Rare Diseases

(asked on 7th January 2019) - View Source

Question to the Department of Health and Social Care:

To ask the Secretary of State for Health and Social Care, what measures he is taking to utilise UK genomic medical research to improve outcomes for patients living with rare diseases.


Answered by
Caroline Dinenage Portrait
Caroline Dinenage
This question was answered on 10th January 2019

The Government’s 2013 UK Strategy for Rare Diseases aims to improve the lives all those with a rare disease and is currently being implemented across England. The Strategy covers five areas including the role of research, with significant support from the National Institute of Health Research.

In October 2018, the Secretary of State announced his ambition to sequence 5 million genomes in the next five years including 1 million whole genome sequences.

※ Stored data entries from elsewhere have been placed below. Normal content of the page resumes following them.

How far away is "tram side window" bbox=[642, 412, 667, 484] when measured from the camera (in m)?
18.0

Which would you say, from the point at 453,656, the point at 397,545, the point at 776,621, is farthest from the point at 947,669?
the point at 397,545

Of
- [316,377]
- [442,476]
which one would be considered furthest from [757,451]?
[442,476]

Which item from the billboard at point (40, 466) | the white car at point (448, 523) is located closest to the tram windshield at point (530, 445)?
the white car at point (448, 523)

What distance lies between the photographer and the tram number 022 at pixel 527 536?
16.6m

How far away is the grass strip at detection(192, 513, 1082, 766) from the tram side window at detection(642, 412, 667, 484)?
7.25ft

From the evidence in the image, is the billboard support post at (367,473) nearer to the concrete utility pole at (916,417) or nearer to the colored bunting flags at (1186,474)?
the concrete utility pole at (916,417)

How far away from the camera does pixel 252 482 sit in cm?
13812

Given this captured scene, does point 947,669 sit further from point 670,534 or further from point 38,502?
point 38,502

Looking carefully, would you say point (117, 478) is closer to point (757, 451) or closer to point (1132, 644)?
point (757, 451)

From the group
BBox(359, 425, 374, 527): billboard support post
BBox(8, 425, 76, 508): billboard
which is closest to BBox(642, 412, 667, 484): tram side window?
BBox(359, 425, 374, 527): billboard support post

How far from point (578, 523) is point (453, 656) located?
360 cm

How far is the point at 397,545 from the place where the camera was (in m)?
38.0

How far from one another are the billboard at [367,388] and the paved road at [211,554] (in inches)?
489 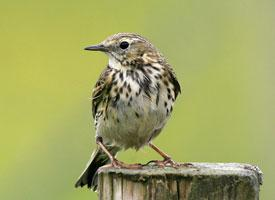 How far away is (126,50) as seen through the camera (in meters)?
9.07

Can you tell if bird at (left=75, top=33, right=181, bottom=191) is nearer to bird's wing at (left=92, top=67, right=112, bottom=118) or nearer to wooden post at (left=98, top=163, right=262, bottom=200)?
bird's wing at (left=92, top=67, right=112, bottom=118)

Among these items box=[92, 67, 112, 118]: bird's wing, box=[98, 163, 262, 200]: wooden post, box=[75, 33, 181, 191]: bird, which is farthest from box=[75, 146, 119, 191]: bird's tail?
box=[98, 163, 262, 200]: wooden post

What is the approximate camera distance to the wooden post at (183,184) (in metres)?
6.71

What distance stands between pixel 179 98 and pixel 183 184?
17.5 ft

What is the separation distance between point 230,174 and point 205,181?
16cm

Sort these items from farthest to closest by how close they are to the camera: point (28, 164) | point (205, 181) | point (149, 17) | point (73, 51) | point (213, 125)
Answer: point (73, 51) → point (149, 17) → point (213, 125) → point (28, 164) → point (205, 181)

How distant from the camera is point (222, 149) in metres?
11.6

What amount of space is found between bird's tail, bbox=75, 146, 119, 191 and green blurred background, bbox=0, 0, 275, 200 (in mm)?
548

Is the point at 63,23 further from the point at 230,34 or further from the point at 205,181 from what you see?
the point at 205,181

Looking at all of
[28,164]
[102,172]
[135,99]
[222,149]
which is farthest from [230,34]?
[102,172]

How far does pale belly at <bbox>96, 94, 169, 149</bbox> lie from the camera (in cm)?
884

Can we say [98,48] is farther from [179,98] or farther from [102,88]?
[179,98]

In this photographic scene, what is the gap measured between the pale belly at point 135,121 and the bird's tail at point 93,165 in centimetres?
32

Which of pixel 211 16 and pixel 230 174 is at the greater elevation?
pixel 211 16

This builds on the success of the transformative 100,000 Genomes Project which recruited people with rare, undiagnosed genetic diseases, and with cancer, and which reached 100,000 sequences in December 2018.

The NHS Long Term Plan published on 7 January sets out the National Health Service’s commitment to research and innovation to drive outcome improvement, including through targeted investment in genomics. It confirmed that the new NHS Genomic Medicine Service will sequence 500,000 whole genomes by 2023/24 as part of the NHS’s contribution to the Government’s ambition for genomics. The NHS has become the first national health care system to offer whole genome sequencing as part of routine care. Another 500,000 whole genomes will be sequenced through UK Biobank as was announced in the 2017 Life Sciences Sector deal. Together, these activities will significantly increase the volume of high-quality genomic data for research to advance our knowledge to diagnose and treat rare diseases and other conditions to complement the research dataset already generated by the 100,000 Genomes Project.